> Given data
+===+

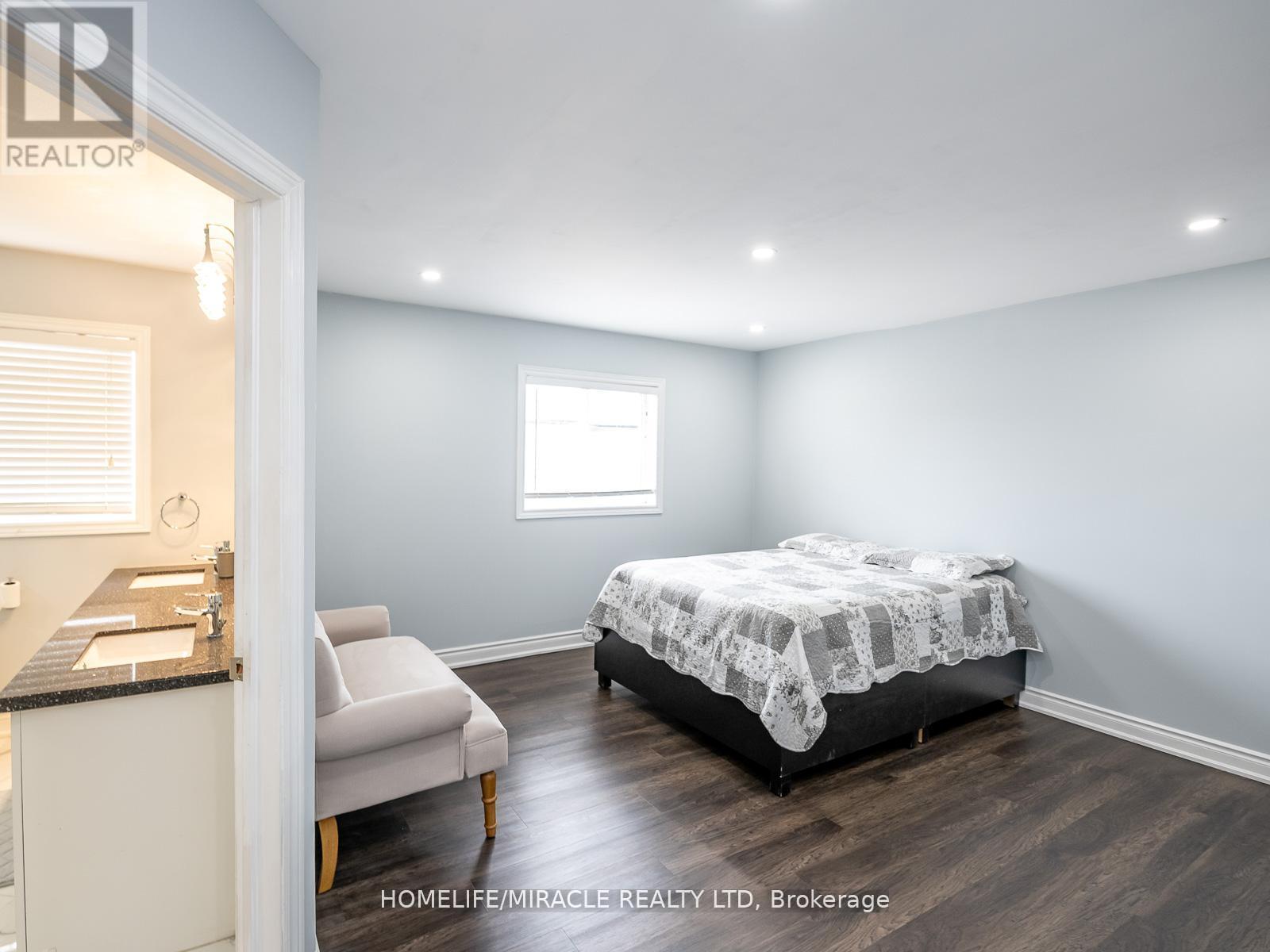 267 PENNY LANE - 22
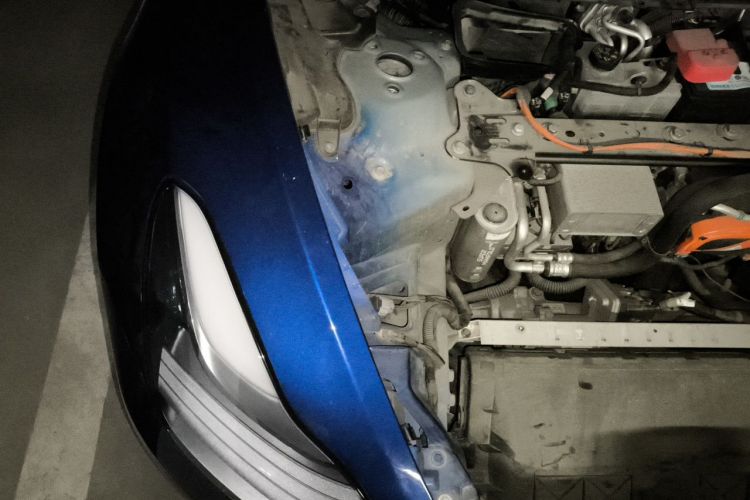Tesla Model 3 2021 car image #28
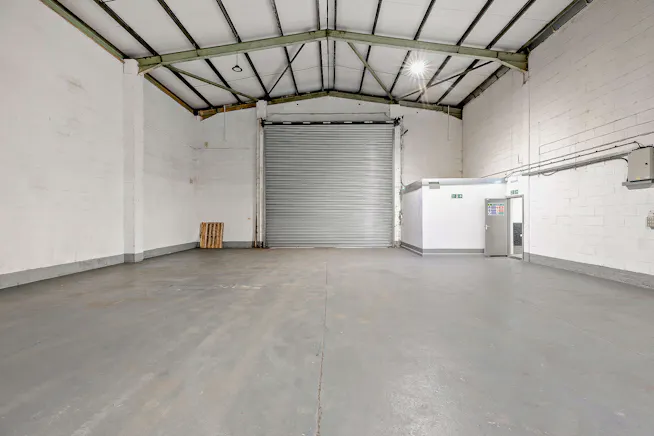 Unit 1 & 1A, Whitacre Street, Huddersfield, Industrial/Logistics To Let - 8676130-interior06-800.jpg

+===+

> What the task asks
Return the listing unchanged, but drop every picture.

> Output
 267 PENNY LANE - 22
Tesla Model 3 2021 car image #28
 Unit 1 & 1A, Whitacre Street, Huddersfield, Industrial/Logistics To Let - 8676130-interior06-800.jpg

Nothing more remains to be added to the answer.